Other notable provisions
No tax on overtime
Prior law: Not applicable.
OBBBA provision: Allows for a maximum deduction qualified overtime income of $12,500 ($25,000 for joint returns). Phasing out deduction for joint filers with adjusted gross income over $300,000 ($150,000 for other filers). Employers are required to separately state the amount of qualified overtime on their employee's Form W-2. This provision is effective for years beginning after Dec. 31, 2024 and ending before Jan. 1, 2029.
Trump Accounts
Under the OBBBA, a new tax-favored account similar to a nondeductible IRA was created for U.S. citizens under age 18. Trump Accounts intend to give families the opportunity to provide their children with a substantial head start on retirement saving.
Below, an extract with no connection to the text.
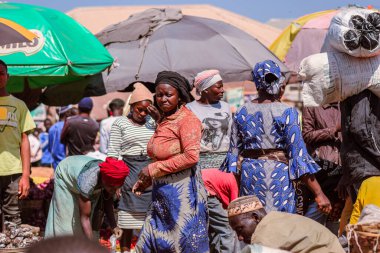 Abuja, Nijerya - 20 Ocak 2023: Afrika 'da bir pazarda alım satım. Nijerya 'da yenilebilir ve bozulabilir gıda pazarı. Piyasada İlişkili İnsanlar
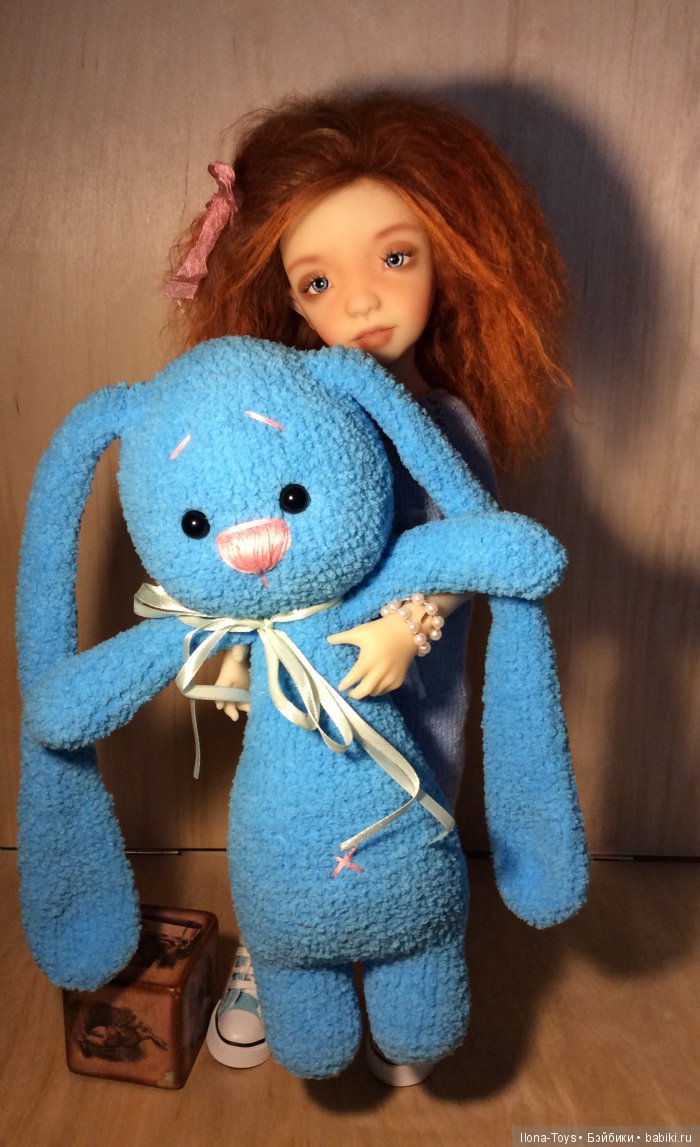 Зайка в подарок - игрушка вязанная крючком (фото 7)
Extension of increased estate and gift tax exemption amounts and permanent enhancement
Current law: This increased estate and lifetime gift tax exemption amount is set to expire after Dec. 31, 2025.
OBBBA provision: This provision permanently extends the estate and lifetime gift tax exemption, increasing the exemption amount to $15 million per individual in 2026 and indexes the exemption amount for inflation going forward.
Unrelated business taxable income is not increased by an amount of certain fringe benefits expenses.
The House bill that would have increased unrelated business taxable income for tax-exempt organizations by including qualified transportation fringe benefits was not include in the final Act. As a result, these transportation fringe benefits remain exempt from unrelated business income tax.
Name and logo royalites are not treated as unrelated business taxable income.
Income from the sale or licensing by an organization of its name or logo remains exempt from unrelated business taxable income.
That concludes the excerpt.